(Items from a dataset)
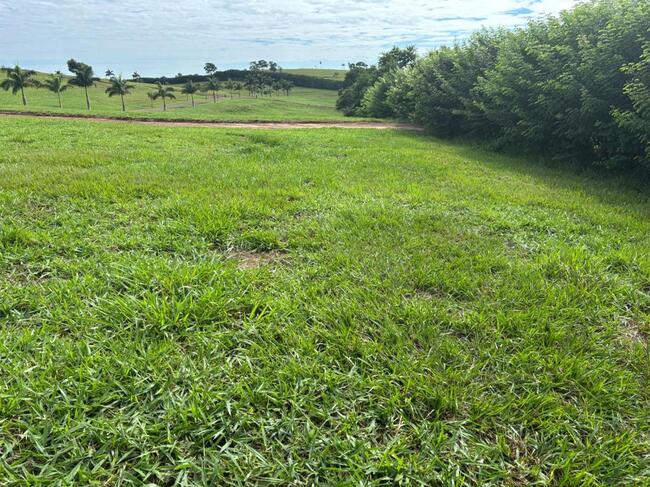Terreno no loteamento Terras de Santa Cristina – Gleba II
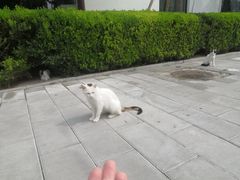 -菩提树下茶咖鼓捣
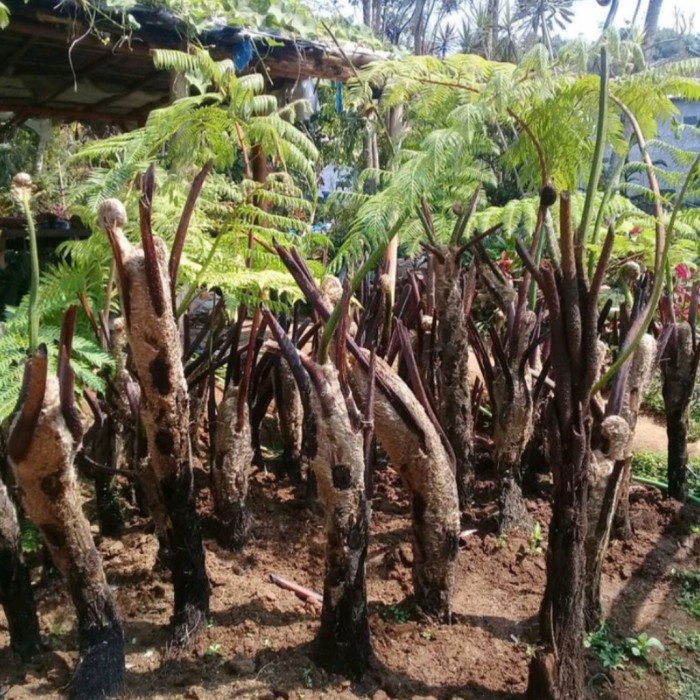 Terlaris Pakis Monyet 2 Meter - Paku Tihang Peneduh Taman - Tanaman Hias Rimbu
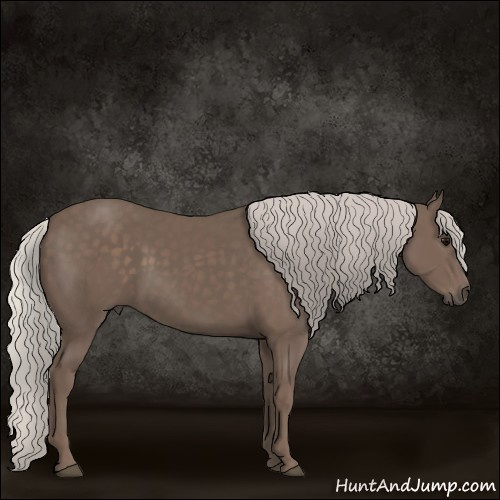Horse Color:Silver Black 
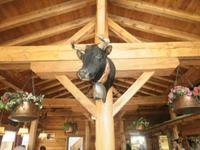 im Restaurant auf Sunnegga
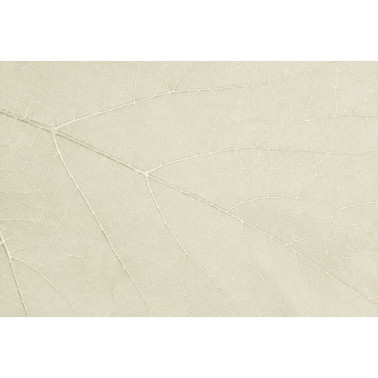 Carta da Parati FOUR SEASONS GL2033A - GLAMORA
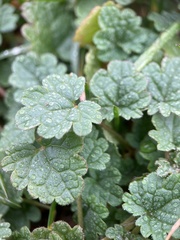 Lamium amplexicaule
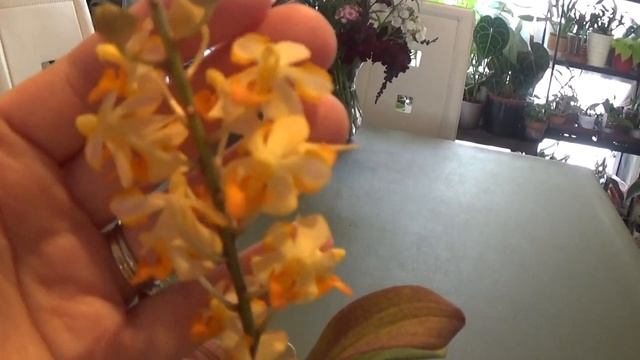 Orchid Spotlight_ DTPS pulcherima x Asc miniatum смотреть онлайн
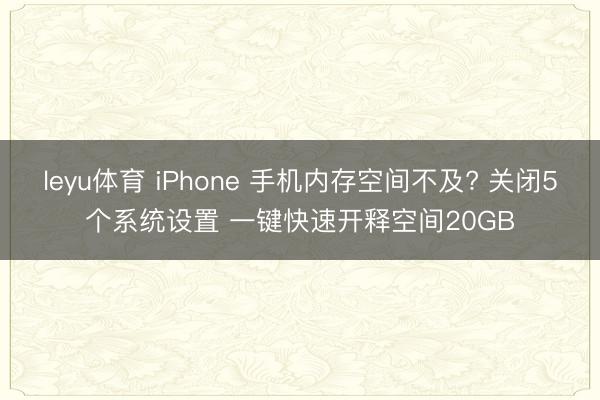 leyu体育 iPhone 手机内存空间不及? 关闭5个系统设置 一键快速开释空间20GB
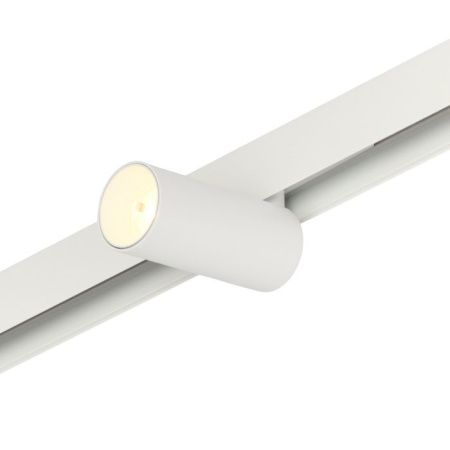 Трековый магнитный светильник Myfar Ray (Раы) MT0220-12W3K-W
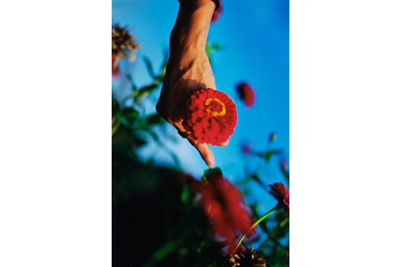 合同展｜蜷川実花が村上隆のGEISAI#16に急遽参戦決定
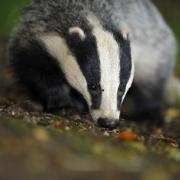 File photo dated 28/07/08 of a badger, as animals rights campaigners condemned a Government decision to extend badger culls to Dorset in a bid to control the spread of TB in cattle. PRESS ASSOCIATION Photo. Issue date: Friday August 28, 2015. Farming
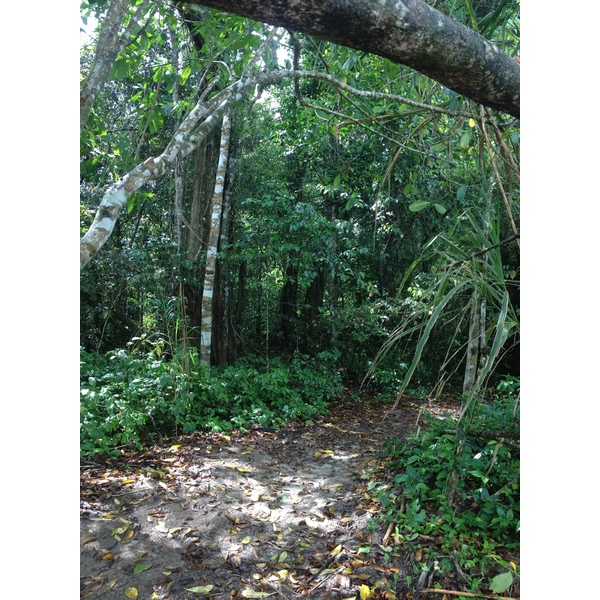 รูปถ่าย คอสตาริกา(Costa Rica) กาอุยตา(Cahuita) 2015-03 55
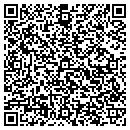 QR code with Chapin Consulting contacts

Exercise details: Give the records again without a single change, and exclude the pictures.

Expected answer:
Terreno no loteamento Terras de Santa Cristina – Gleba II
 -菩提树下茶咖鼓捣
 Terlaris Pakis Monyet 2 Meter - Paku Tihang Peneduh Taman - Tanaman Hias Rimbu
Horse Color:Silver Black 
 im Restaurant auf Sunnegga
 Carta da Parati FOUR SEASONS GL2033A - GLAMORA
 Lamium amplexicaule
 Orchid Spotlight_ DTPS pulcherima x Asc miniatum смотреть онлайн
 leyu体育 iPhone 手机内存空间不及? 关闭5个系统设置 一键快速开释空间20GB
 Трековый магнитный светильник Myfar Ray (Раы) MT0220-12W3K-W
 合同展｜蜷川実花が村上隆のGEISAI#16に急遽参戦決定
 File photo dated 28/07/08 of a badger, as animals rights campaigners condemned a Government decision to extend badger culls to Dorset in a bid to control the spread of TB in cattle. PRESS ASSOCIATION Photo. Issue date: Friday August 28, 2015. Farming
 รูปถ่าย คอสตาริกา(Costa Rica) กาอุยตา(Cahuita) 2015-03 55
 QR code with Chapin Consulting contacts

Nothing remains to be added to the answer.